Across America, chronic absenteeism continually plagues schools. Kids who are frequently absent tend to do worse in school, and are not well-equipped to face the world after school ends. Chronic absenteeism is widely described in the nation as missing 10 percent or more of school a year. To put that into perspective, that’s 18 days a year, or two days every month. Oregon specifically has a very severe problem with chronic absenteeism. According to the Oregonian, 20.5 percent of overall Oregon students missed at least 10 percent of the 2017-2018 school year, making them chronically absent.
Data released by the state of Oregon at the end of October shows that chronic absenteeism worsens most notably in middle schools and high schools. Because of this, Oregon is currently the third state in the nation for chronic absenteeism. Specifically Portland has some room to improve, as 20 percent or more of students are being defined as chronically absent. PPS documents from the 2017-2018 school year state that the average class size for high schools in the district is 25 per class. That is five students per class that will struggle in school as they will miss a significant portion of their school day, and be behind in multiple classes. In addition, according to OPB, Portland Public Schools’ highest chronic absenteeism rates come from 12th graders, of whom almost 42 percent are chronically absent. PPS’s freshmen, sophomore, and junior rates are below the state average.
In an interview, Franklin educator Pamela Garrett, who has seen and taught chronically absent students, was able to shed some light on the empty desks in her classroom. She stated that just about 10 percent of students in her classes are absent 2 or 3 days a week. When asked if she thought that there was any correlation on chronically absent students not doing as well as regular attendees of school academically, she said thought that there was. “If they are here, we can work them,” said Garrett. “But because they are not, that is an assumption I would make.” When asked if Franklin has any resources to help students who are chronically absent, she responded with a thoughtful “Yes. We have three people on staff. They go after the hardcore kids as well as doing home visits and home calls.” She then explained that the best way to catch up in school was to take advantage of tutoring in the library, tutorial, and finding time when the teacher available to ask questions about in class items. She also explained that kids who have difficulties with school at Franklin can be given incentives for going to school, such as being put on a gold card, which is a card that makes it so if one attends their classes, then a reward is given.

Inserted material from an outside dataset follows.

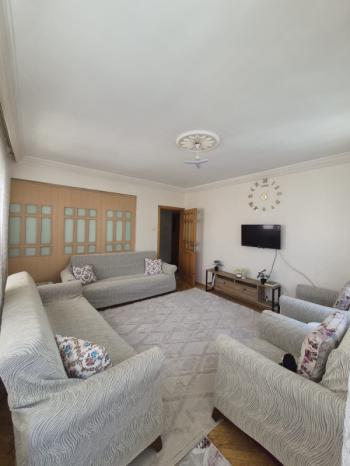 ★ AFYON ÜÇOK EMLAKTAN ESENTEPE MAH 3+1 118M² TEMİZ BAKIMLI EBEVEYN BANYOLU SATILIK DAİRE ★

In an interview with Cade Champ, a student on a gold card plan, he talked about his experiences with school and how it could be improved. “It’s always been a struggle for me since I was a little kid. The hardest part of school is how long it is. It’s so hard for me… ADD plays a huge role in why I have such a hard time with school,” he stated. To get through the school day Champ says, “I like to fidget and play with my tech deck, and my eraser. I don’t care about grades. But having an incentive definitely helps me get through the day.” Champ was on a gold card plan where if he only missed two periods in a week, his parents would get him a new skateboard. When talking about his future, Cade thinks it will not be an office job. “I see myself working in trade or construction,” he states. “I would hate to have a job where I just sit still.” When asked for his opinion on how to make school better for kids who struggle with it like he does, he stated that shorter classes, less talking from teachers, and a more hands-on approach to lessons would make him enjoy school much more.
Overall, when looking at the issue of chronic absenteeism, it becomes clear that significant change is needed, less change in Portland, but change all over Oregon. In an article on preventing chronic absenteeism by EducationDive, a news and analysis site for K-12 and higher ed, they recommend several ways to prevent chronic absenteeism. One, creating a more positive school culture, is obvious, but good. Making school a place students will want to go, through social interaction and good staff can make students enjoy being at school while learning. Letting students know expectation policies of tardiness and absenteeism helps as well, along with intervening early, to stop small problems before they get too large. Also, a policy undertaken by Franklin is additional support systems. Having an adult who helps and understands your issues, who can work with you and your parents in making sure you get to school on time every day, can give you incentive to go. In summary, Franklin has a strong support system which other schools should model, but Franklin should strive to improve on making school more interesting, as well as more hands-on.